Open Cybersecurity Schema Framework or better known by its acronym «OCSF» is a new project that is born from the hand of AWS and Splunk. This new frame is in a technology existing open source software known as ICD Schema, which in turn was created by Broadcom's Symantec cybersecurity unit.
The OCSF Project was presented at Black Hat USA 2022 and its main objective is to help organizations detect, investigate and stop cyber attacks faster and more effectively.
OCSF includes contributions from 15 initial members including Cloudflare, CrowdStrike, DTEX, IBM Security, IronNet, JupiterOne, Okta, Palo Alto Networks, Rapid7, Salesforce, Securonix, Sumo Logic, Tanium, Trend Micro, and Zscaler. All members of the cybersecurity community are invited to use and contribute to the OCSF.

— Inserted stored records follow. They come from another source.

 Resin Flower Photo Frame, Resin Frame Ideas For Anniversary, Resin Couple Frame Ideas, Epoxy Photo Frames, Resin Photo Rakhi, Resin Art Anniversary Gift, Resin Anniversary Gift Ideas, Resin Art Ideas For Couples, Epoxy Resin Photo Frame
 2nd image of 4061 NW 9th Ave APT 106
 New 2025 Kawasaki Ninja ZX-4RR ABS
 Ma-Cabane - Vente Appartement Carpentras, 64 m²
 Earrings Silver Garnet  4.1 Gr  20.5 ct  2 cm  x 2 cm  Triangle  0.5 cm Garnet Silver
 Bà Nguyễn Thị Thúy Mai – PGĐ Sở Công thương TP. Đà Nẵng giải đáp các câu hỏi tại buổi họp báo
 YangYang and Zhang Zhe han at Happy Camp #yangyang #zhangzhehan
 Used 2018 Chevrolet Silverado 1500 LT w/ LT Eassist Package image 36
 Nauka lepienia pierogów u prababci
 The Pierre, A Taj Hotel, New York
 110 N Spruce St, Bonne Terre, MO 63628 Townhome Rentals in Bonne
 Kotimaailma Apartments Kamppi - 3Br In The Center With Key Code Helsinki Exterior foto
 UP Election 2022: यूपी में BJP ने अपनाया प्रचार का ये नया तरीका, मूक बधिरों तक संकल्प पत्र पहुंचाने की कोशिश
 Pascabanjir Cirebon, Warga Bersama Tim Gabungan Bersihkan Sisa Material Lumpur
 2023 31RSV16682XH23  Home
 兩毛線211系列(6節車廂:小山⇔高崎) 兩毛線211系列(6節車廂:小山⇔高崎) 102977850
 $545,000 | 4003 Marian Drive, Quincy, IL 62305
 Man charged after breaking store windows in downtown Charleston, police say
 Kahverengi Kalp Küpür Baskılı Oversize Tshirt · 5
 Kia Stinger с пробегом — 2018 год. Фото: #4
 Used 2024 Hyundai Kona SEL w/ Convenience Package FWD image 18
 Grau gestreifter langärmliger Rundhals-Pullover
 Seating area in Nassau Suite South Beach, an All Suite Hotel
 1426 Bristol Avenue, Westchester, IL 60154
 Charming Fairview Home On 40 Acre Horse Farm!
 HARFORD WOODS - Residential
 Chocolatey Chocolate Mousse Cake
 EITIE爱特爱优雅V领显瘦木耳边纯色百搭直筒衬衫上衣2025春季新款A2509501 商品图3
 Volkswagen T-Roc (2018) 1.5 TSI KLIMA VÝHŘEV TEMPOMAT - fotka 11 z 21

In today's ever-changing security environment, security professionals must continually monitor, detect, respond to, and mitigate existing and new security issues. To do so, security teams must be able to analyze security-relevant log and telemetry data using multiple tools, technologies, and vendors. The complex and heterogeneous nature of this task increases costs and can slow detection and response times. Our mission is to innovate on behalf of our customers so they can more quickly analyze and protect their environment when the need arises.
With that goal in mind, together with several partner organizations, we are pleased to announce the launch of the Open Cybersecurity Schema Framework (OCSF) project, which includes an open specification for the standardization of security telemetry across a wide range of security products and services. security, as well as open source tools that support and accelerate the use of the OCSF scheme.
About OCSF
OCSF is an open standard that can be adopted in any environment, application or provider of solutions and conforms to existing security standards and processes. As cybersecurity solution providers embed OCSF standards into their products, standardizing security data will become simpler and less burdensome for security teams.
Adopting OCSF will enable security teams to increase focus on data analysis, threat identification, and defending their organizations from cyberattacks.
OCSF seeks to help organizations respond to cyber attacks more effectively by simplifying one of the most complicated aspects of the task: data management. In particular, the project is designed to streamline the process of processing data on cyber attacks.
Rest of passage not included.